Catullus's rudest poem
Friendship and poetry
Lawrence Alma-Tadema, A Reading from Homer, 1885
It’s the kind of shocking abuse one can only direct at one’s best mates. Catullus is writing, some time in the 50s BC, to his friends (comites in poem 11) Furius and Aurelius. Trigger warning: sexual language coming up. Catullus is using it for an artistic purpose. He’s written soppy love poems - he calls them molliculi, which I translate ‘soft and sexy’ - and his friends are evidently saying that they reveal him as unmanly. So Catullus says he’ll show them what a man he is by subjecting them to violent sex – the notorious line pedicabo ego vos et irrumabo that begins and ends the poem.
Catullus then goes on, for the first time in extant literature, to point out that the ‘I’ of a poem does not necessarily represent the poet’s own life or character. A serious poet (pius poeta - one who has a duty to his poetry) must do what his art demands and, in his case, write uninhibited poems. This poem certainly is.
I’ll fuck you in the bum and in the mouth,
you fag Aurelius, Furius you ponce!
You think that, just because the poems I write
are soft and sexy, that I’ve got no pride?
A serious poet, sure, should be restrained
in person, but his poems needn’t be.
They always have, you know, more salt and spice
when they are soft and sexy, yet risqué,
and have the power to turn their readers on –
not just the young ones, but those shaggy goats
who can no longer shake their stiff old bones.
“A thousand kisses, please!” you’ve read - and think
it somehow means that I’m less of a man?
I’ll fuck you in the bum and in the mouth!
Pedicabo ego vos et irrumabo, Aureli pathice et cinaede Furi, qui me ex versiculis meis putastis, quod sunt molliculi, parum pudicum.
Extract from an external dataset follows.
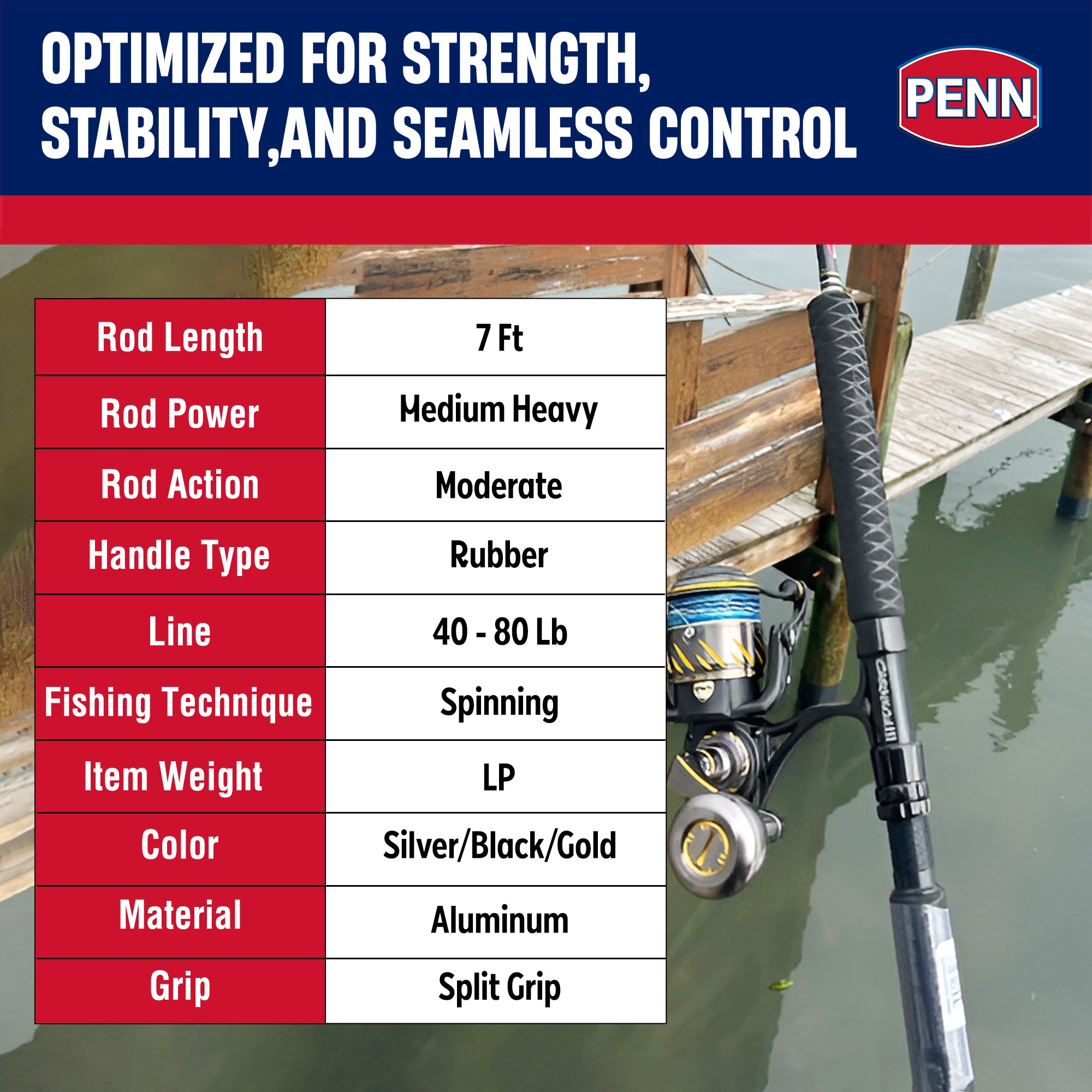 Penn Carnage III Boat Conventional Spinning Fishing Rod 7’, (Open Box) - VMInnovations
Nam castum esse decet pium poetam ipsum, versiculos nihil necesse est; qui tum denique habent salem ac leporem, si sunt molliculi ac parum pudici, et quod pruriat incitare possunt, non dico pueris, sed his pilosis qui duros nequeunt movere lumbos. Vos, quod milia multa basiorum legistis, male me marem putatis? Pedicabo ego vos et irrumabo.
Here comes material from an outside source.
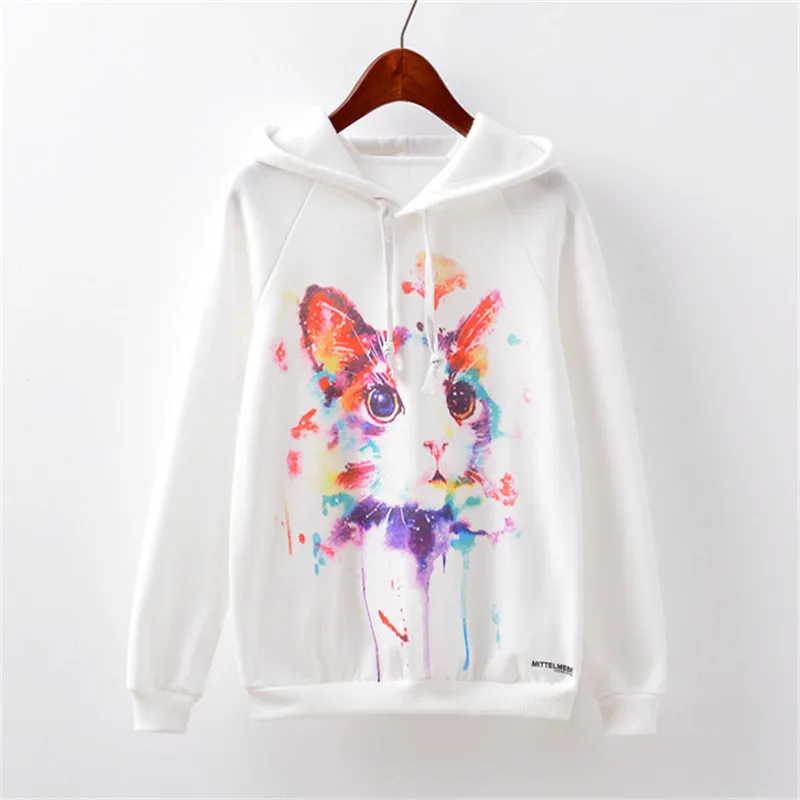 Женский свитшот с длинным рукавом и принтом кошек | Женская одежда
I can’t think why, but I feel that Cautullus would have been more comfortable with “up the arse” rather than “in the bum.”
Now when Miss Dunbar set me that poem in fourth week many years ago, this would have been useful. The College Latin dictionary translated the rude words into Greek and the Greek into Latin. I had to go into a tutorial with “I want to something you and something you, you something and something”. Miss D not impressed though how a teenage convent-school-educated innocent was supposed to guess was beyond me.